Uma das imagens mais antigas – usada já por São Paulo, para expressar essa pertença, essa com-vida – é aquela do corpo, em que Cabeça é Cristo e nós somos os membros (“Ora, vocês são o corpo de Cristo, e cada um de vocês, individualmente, é membro desse corpo”: 1Cor 12,27).
O símbolo do corpo
Há no corpo humano algumas funções essenciais como o batimento do coração e a respiração. Eu gosto de imaginar que a oração pessoal e comunitária de nós, cristãos, seja o respiro, o batimento cardíaco da Igreja que infunde a própria força no serviço de quem trabalha, de quem estuda, e quem ensina; que torna fecundo o conhecimento das pessoas instruídas e a humildade das pessoas simples; que dá esperança à persistência de quem combate a injustiça.

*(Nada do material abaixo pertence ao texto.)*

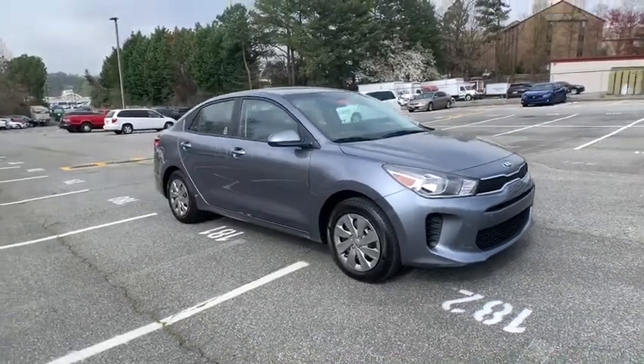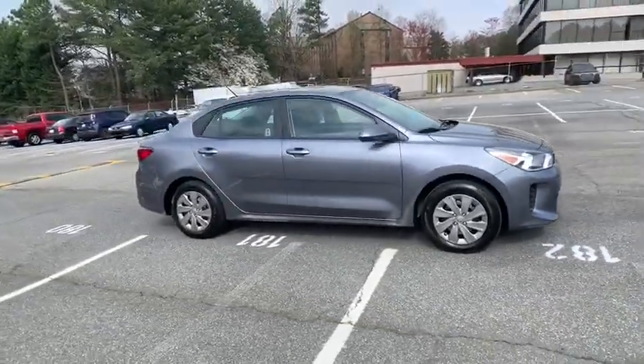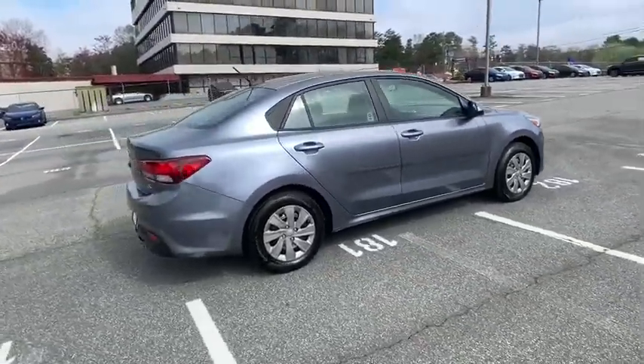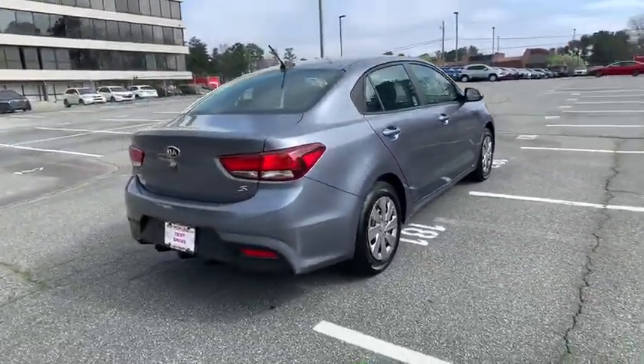Come test drive the 2020 Kia Rio. The Rio delivers sprightly performance, great fuel economy, and agile handling, all in a stylish package.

A oração é o nosso dizer sim ao Senhor, ao seu amor que nos alcança; é acolher o Espírito Santo que, sem nunca se cansar, derrama amor e vida sobre todos.
Dizia São Serafim de Sarov, um grande mestre espiritual da Igreja russa: “receber o Espírito Santo de Deus é, então, o verdadeiro fim da nossa vida cristã ao ponto que, a oração, as vigílias, o jejum, a esmola e as outras ações virtuosas feitas em Nome de Cristo não são que meios para esse fim” (São Serafim de Sarov, Diálogo com Motovilov). Nem sempre temos consciência de respirar, mas não se pode parar de respirar.